Title: 'The Birth of a Nation'

Release Year: 1915

Director: D. W. Griffith

Cast: Lillian Gish, Mae Marsh, Henry B. Walthall, Miriam Cooper, George Siegmann.

Plot: The movie explains the story of two families (the Camerons in the South and the Stonemans in the North) and how they struggle during Civil War and posterior Reconstruction-Era. It also narrates the assassination of Abraham Lincoln and the creation of the Ku Klux Klan.

Review: D. W. Griffith has been mentioned and commented extensively in the theoretical part of this research project and with this movie he crowned himself as one of the best directors of his age.

Technically it is a huge achievement; using irising and blurring to introduce and close scenes or managing to make one hundred extras seem one thousand while representing a big battle.

But it also succeeded in the field of story telling; how it used all the techniques that had appeared during previous years all together in one movie to give it a meaning. A lot had happened between Méliès' and Porter's movies and film continuity was a reality. Instead of simple individual shots, we see a real connection between them. Apart from a wide range of techniques to give simbology to the movie, like insert shots. We can add to this cross-cutting, insert dialogues, the utilisation of different points of view (including close shots), flashbacks and the division of the movie in two well-structured parts. Each one of these details made of 'The Birth of a Nation' an elborate movie with a complex structure, where topics like war or romance through the distance are developed.

An example of introducing a scene with 'irising' technique

Huge and epic as it was, it became a huge box-office success, a blockbuster of its time, earning 10 millions on its release year and reaching the 50 two decades after, keeping the title of highest grossing film until 'Gone with the Wind'.

But even if the technical and narrative achievements must be acknowledged, I didn't like many aspects of the movie.

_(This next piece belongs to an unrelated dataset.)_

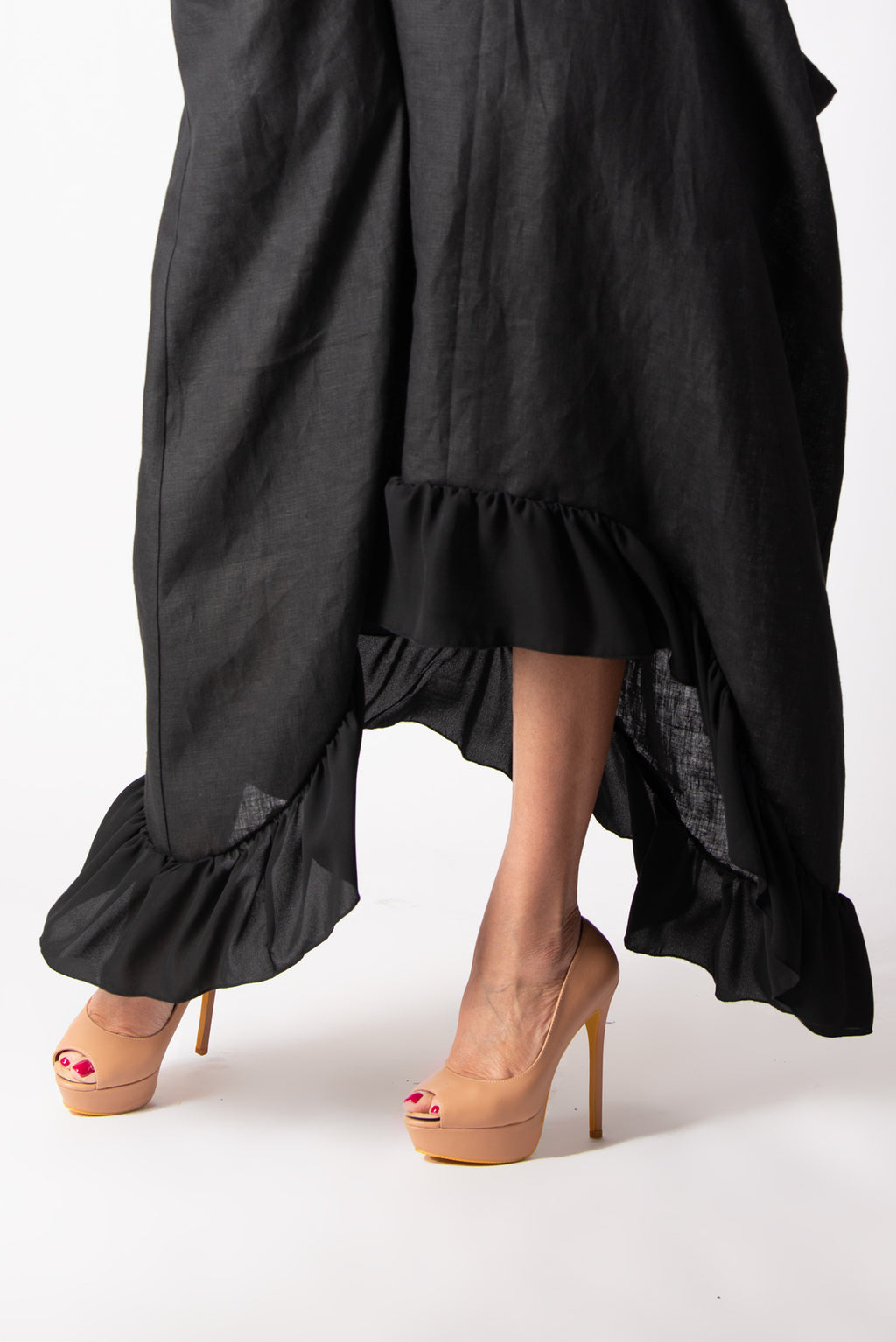 Black ruffled skirt worn by a person on a white background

To begin with, it's true that even with no spoken dialogues, the background music gives some sort of emotion to the movie, but over its three hours of length, it reaches a point where if you don't stop to have a break, continuing is unbearable. Moreover, the actors' performances are usually unreal and overacted, due to the inability to speak.

But the main reason why I disliked the movie is for its hugely racist interpretation of American history. Black people appear as aggressive and mean. and some events are distorted or inaccurate versions of the historical reality. Intending to glorify and justify its acts, a dramatized creation of the Ku Kux Klan is described as 'necessary' to restore the peace that the 'negros' had destroyed. As an example of its increasing xenophobia, the movie reuses actors whose characters die and paints them so they can play African American parts, sort of amusing if we consider that one of them interpretates Lincoln before his role change.


Clear examples of the racist message that the movie wanted to transmit

And that's just something I can't bear. Other achievements aside, the idea it tries to transmit is deplorable, and the fact that it became such a successful hit only demonstrates the ideology of society at that time.